From: vanekl on
Raffael Cavallaro wrote:
> On 2010-03-17 04:03:01 -0400, Alex Mizrahi said:
>
>> Emm... People use databases when they have shitloads of records
>
> You do realize that the title of the thread is "lightweight database"
> right?
> I suggested cl-prevalence precisely because it is useful for light
> duty, when the entire dataset fits easily in memory, not because it
> scales to what, to put this in technical parlance, is sometimes
> referred to as "shitloads of records."
>
> warmest regards,
>
> Ralph

"Shitload" has been quantified by a dictionary.
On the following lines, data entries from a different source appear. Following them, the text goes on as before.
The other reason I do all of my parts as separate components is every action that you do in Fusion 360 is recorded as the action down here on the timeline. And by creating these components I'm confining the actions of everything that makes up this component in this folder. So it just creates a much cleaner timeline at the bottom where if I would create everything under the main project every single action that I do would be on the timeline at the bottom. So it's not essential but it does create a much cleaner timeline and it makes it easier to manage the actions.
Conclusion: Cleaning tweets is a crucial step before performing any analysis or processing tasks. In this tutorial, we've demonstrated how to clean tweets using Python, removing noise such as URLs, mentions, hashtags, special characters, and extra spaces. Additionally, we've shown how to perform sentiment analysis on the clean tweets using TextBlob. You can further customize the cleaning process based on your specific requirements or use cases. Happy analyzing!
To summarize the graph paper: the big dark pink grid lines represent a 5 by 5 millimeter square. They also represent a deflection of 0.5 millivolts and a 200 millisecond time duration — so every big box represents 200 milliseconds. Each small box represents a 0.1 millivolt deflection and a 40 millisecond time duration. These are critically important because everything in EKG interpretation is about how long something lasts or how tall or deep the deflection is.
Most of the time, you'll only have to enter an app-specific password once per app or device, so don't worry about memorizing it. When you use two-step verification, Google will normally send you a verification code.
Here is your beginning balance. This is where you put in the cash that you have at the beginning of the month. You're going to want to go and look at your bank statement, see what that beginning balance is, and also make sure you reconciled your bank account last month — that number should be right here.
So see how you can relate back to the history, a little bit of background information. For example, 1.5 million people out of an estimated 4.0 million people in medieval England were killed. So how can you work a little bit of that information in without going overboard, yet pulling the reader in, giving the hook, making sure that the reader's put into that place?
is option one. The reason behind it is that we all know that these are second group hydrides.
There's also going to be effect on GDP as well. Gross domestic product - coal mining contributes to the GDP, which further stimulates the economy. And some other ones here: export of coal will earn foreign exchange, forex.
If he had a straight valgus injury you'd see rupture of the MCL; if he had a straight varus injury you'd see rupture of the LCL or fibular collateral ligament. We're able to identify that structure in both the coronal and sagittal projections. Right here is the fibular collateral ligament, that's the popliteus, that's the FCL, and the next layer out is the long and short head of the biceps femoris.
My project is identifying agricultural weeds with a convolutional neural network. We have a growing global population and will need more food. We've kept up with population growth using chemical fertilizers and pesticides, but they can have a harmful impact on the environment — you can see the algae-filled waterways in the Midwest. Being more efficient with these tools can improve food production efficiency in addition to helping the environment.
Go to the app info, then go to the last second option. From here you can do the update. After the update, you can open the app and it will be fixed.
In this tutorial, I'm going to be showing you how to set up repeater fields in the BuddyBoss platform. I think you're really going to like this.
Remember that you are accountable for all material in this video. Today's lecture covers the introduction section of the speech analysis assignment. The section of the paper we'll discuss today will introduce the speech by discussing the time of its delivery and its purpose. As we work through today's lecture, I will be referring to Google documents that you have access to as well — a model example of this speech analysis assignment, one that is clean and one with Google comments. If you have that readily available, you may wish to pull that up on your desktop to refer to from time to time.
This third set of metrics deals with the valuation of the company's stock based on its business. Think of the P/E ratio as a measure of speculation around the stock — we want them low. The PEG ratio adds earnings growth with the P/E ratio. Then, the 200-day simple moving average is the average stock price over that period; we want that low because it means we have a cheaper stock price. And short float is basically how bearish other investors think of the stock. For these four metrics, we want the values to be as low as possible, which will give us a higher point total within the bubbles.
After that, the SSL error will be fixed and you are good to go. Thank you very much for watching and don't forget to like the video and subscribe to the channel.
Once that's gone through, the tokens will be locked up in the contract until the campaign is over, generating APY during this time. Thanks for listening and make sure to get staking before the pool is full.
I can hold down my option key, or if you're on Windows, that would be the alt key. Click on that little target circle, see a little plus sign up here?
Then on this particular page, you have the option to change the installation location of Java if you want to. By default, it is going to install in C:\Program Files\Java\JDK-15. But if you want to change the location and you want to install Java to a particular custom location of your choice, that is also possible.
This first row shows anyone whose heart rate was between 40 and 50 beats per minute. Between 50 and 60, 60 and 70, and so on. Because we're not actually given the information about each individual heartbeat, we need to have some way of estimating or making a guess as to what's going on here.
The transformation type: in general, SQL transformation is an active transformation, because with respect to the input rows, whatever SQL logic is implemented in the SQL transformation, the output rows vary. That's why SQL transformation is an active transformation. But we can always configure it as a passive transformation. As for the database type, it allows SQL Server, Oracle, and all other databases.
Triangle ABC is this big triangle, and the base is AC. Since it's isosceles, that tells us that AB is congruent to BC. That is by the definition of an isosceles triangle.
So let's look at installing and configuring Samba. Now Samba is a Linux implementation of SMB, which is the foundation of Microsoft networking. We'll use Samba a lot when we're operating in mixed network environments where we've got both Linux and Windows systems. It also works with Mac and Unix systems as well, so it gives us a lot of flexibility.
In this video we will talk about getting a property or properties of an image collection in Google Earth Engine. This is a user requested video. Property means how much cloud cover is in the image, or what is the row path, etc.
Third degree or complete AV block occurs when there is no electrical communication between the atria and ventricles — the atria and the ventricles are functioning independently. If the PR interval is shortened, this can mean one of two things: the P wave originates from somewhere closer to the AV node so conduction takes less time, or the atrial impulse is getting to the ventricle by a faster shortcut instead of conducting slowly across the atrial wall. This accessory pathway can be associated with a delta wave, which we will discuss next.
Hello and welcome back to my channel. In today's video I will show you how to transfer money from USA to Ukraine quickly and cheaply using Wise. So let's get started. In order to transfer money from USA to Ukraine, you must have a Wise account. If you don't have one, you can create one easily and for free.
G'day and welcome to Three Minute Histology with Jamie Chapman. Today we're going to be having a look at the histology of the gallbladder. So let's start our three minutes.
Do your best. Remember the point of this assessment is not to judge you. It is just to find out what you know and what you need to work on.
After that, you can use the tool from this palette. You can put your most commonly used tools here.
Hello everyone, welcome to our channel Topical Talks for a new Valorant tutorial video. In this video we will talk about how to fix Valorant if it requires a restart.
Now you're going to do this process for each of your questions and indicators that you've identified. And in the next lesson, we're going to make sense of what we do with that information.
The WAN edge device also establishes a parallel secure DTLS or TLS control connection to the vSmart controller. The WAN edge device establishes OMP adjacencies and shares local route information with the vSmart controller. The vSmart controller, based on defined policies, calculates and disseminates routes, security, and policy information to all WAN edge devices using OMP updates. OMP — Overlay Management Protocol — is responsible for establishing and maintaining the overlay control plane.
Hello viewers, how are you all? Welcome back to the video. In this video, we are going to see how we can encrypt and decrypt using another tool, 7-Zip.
The precision leaves a
little to be desired, however.

1. shitload
more than an assload but still less than a fuckton.
[Urban Dictionary]


From: Alex Mizrahi on
??>> Emm... People use databases when they have shitloads of records

RC> You do realize that the title of the thread is "lightweight database"
RC> right?

Tamas have described a very simple database:
"The database consists of timestamp/count pairs, a timestamp is a date&time,
while the count is a single integer."

So I thought that "lightweight" here means that it doesn't need to have lots
of features and shouldn't be complex to install/setup/etc.

That is, its code base should be lightweight, not number of rows it
supports.

Also he have mentioned: "server which runs the database collects the data
continuously". Unless continuously means "once a day", that suggests that it
needs to deal with significant amounts of data.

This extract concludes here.